A stablecoin is a type of cryptocurrency designed to minimize price volatility by pegging its value to a more stable asset, such as a fiat currency (like the US dollar), a commodity (like gold), or a basket of assets. The goal is to provide the benefits of cryptocurrencies (like fast, low-cost transactions) without the wild price swings often seen in other digital currencies like Bitcoin.
Let’s dive into the opportunities and impacts to our payments holdings in the Global Equity Growth Fund (GEGF).
Mastercard (4.5% weight in GEGF): Limited direct threat. The focus of our analysis centered on Mastercard, a global powerhouse whose enduring resilience, we believe, remains largely intact against the backdrop of stablecoin development. Our meetings revealed a consensus among experts that Mastercard possesses a robust defense against significant disruption to its core business.

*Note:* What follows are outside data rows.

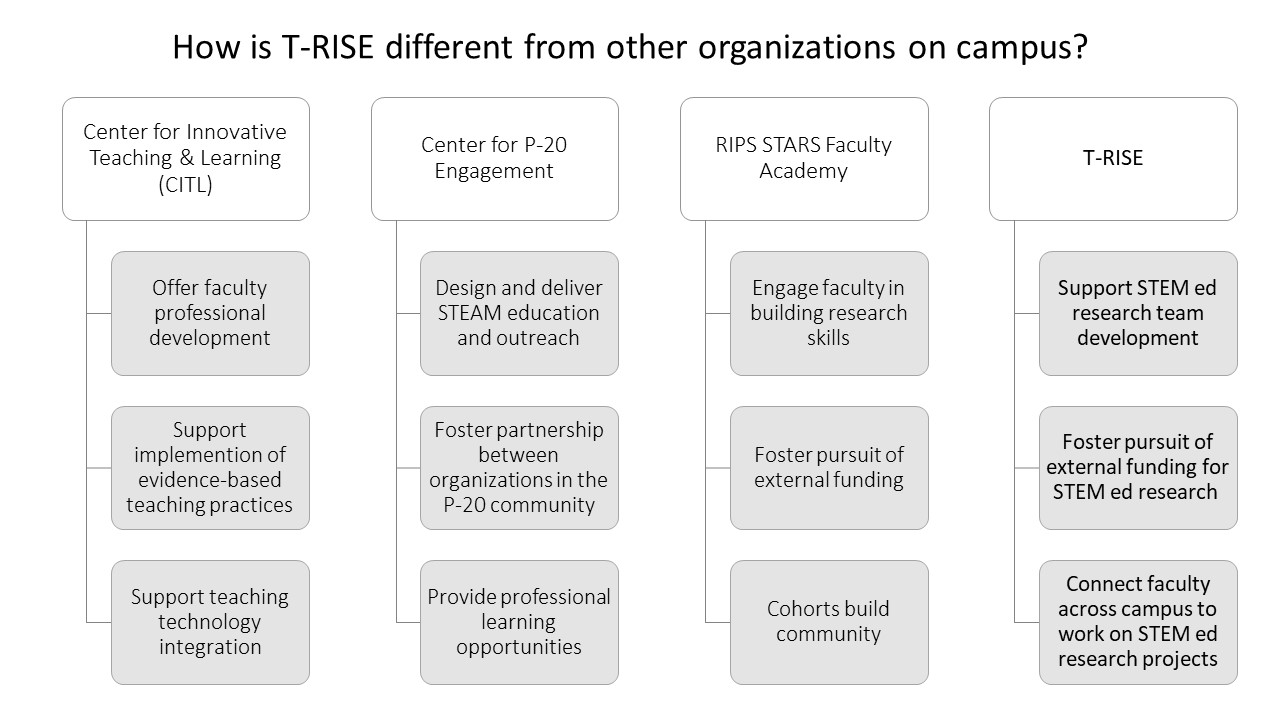 Flow chart shows three goals of various NIU programs to distinguish T-RISE from other programs.   The NIU Center for Innovative Teaching and Learning focuses on faculty professional development, and implementation of evidence-based teaching and technology. The Center for P-20 Engagement leads STEAM outreach, partnerships, and professional learning. The RIPS STARS Faculty Academy helps individual faculty build skills and pursue external funding for research. T-RISE fosters teams working on STEM education research to pursue external funding.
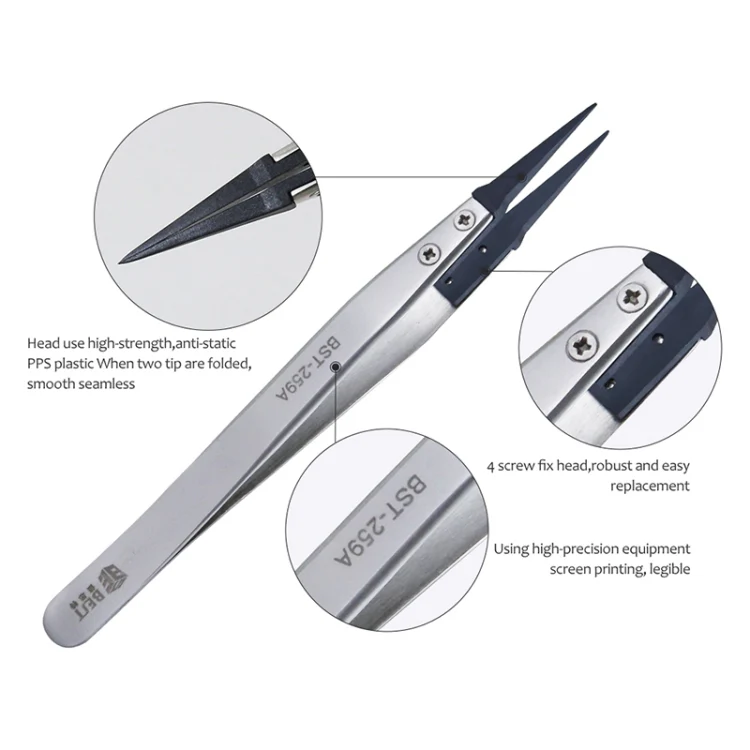 BEST BST-259A  Stainless Steel Snti Static Tweezer - Image 6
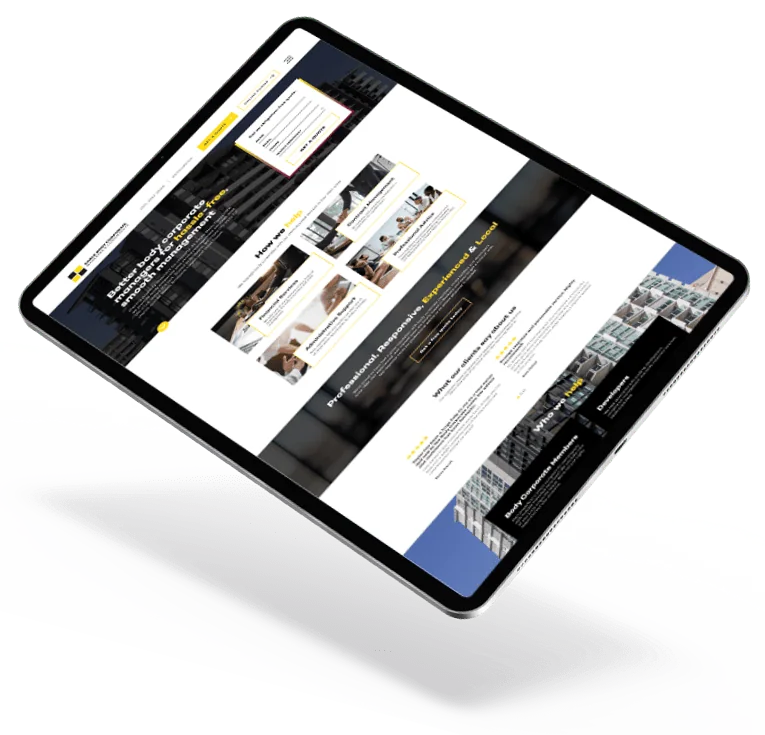 tablet showing landing page design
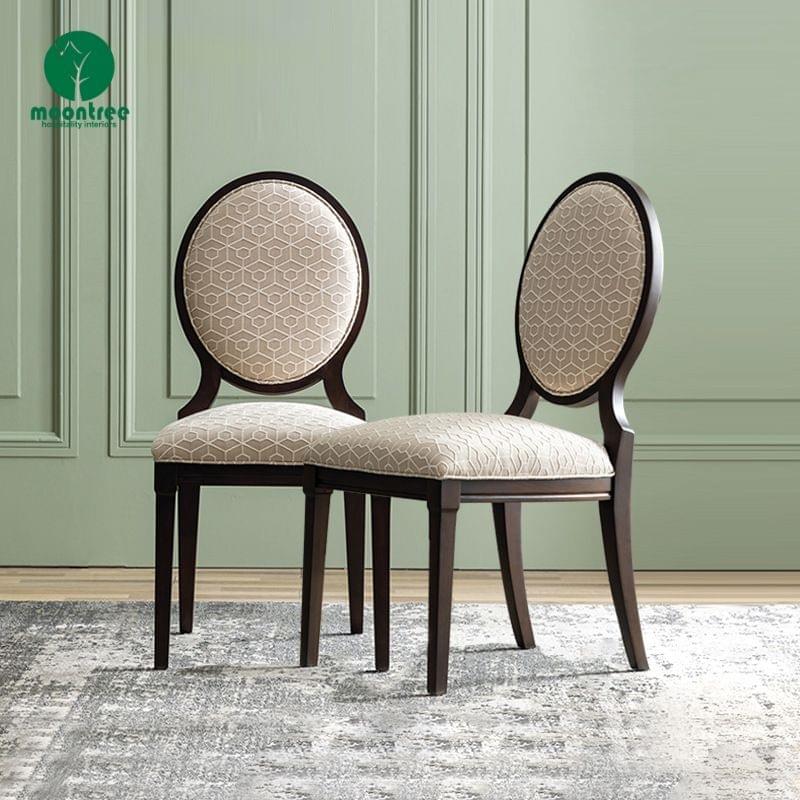 American Vintage Oval Back Solid Wood Dining Chair | Custom Fabric Luxury Accent Chair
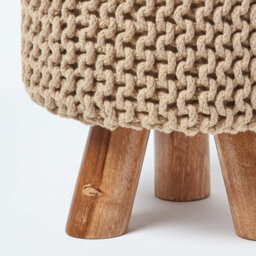 Homescapes Linen Tall Cotton Knitted Footstool On Legs - thumbnail 4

A key factor is its limited direct exposure to the areas where stablecoins are most likely to gain initial traction. While there could be some potential for stablecoins in niche cross-border e-commerce scenarios, particularly those involving complex currency conversions or high-friction international payments, any impact is anticipated to be minimal. While growing, cross-border e-commerce constitutes a modest 10-15% of Mastercard’s revenues. Similarly, international remittances and virtual cards, often cited as potential sweet spots for stablecoin adoption, account for a mere 2-3% of its net revenue. This relatively small slice of the pie suggests that even if stablecoins were to carve out a niche in these segments, the ripple effect on Mastercard’s overall financial health would be minimal.

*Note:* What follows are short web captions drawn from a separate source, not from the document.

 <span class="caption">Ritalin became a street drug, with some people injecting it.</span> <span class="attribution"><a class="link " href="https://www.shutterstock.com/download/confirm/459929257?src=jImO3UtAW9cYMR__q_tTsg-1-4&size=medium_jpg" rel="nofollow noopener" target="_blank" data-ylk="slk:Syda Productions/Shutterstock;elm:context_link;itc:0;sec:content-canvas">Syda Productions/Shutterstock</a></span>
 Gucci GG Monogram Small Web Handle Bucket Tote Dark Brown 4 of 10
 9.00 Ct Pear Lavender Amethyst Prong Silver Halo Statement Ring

Crucially, domestic consumer payments, the bedrock of Mastercard’s operations, are expected to remain largely unaffected by stablecoin adoption. The convenience, widespread acceptance, and trust established in traditional card networks for everyday transactions present a formidable barrier to the adoption of stablecoins for routine purchases. It’s highly unlikely that stablecoins will displace the seamless experience of swiping a card or tapping a phone for your morning coffee or weekly groceries.
In essence, Mastercard’s deeply entrenched and sophisticated infrastructure, global reach, unparalleled network effects, and robust regulatory compliance provide significant protective barriers. Our analysis indicates that if stablecoins were to have any effect, it would be restricted to small, peripheral pockets of Mastercard’s extensive businesses, posing only minimal threat to its fundamental business model.
Adyen (2% weight in GEGF): Navigating the Evolving Cross-Border Landscape
Adyen, a cutting-edge payment platform known for its payment method agnostic approach, presents a slightly different picture. For domestic payments, our analysis suggests stablecoins would have no direct impact on the company’s processing capabilities given its core philosophy of accommodating various payment methods.
However, the real consideration for Adyen lies in the potential evolution of cross-border payouts. Currently, Adyen efficiently settles most payouts domestically, leveraging its banking licenses in Europe and the U.S. If Adyen is unable to offer stablecoin-powered cross-border payout solutions, it could potentially limit its ability to attract and retain platforms that prioritize such flexibility for their international operations. This could subtly slow Adyen’s impressive momentum in acquiring new platform clients. While the immediate threat to Adyen is limited, this represents a potential future competitive pressure.
In our assessment, Adyen faces a , rather than disruptive, risk from stablecoins, primarily concentrated in the evolving landscape of cross-border payout capabilities. If stablecoins were to gain significant traction in cross-border payments, Adyen may need to proactively develop and integrate stablecoin payment capabilities into its offerings in the long term to remain at the forefront of payment innovation. This is a space we will continue to monitor closely.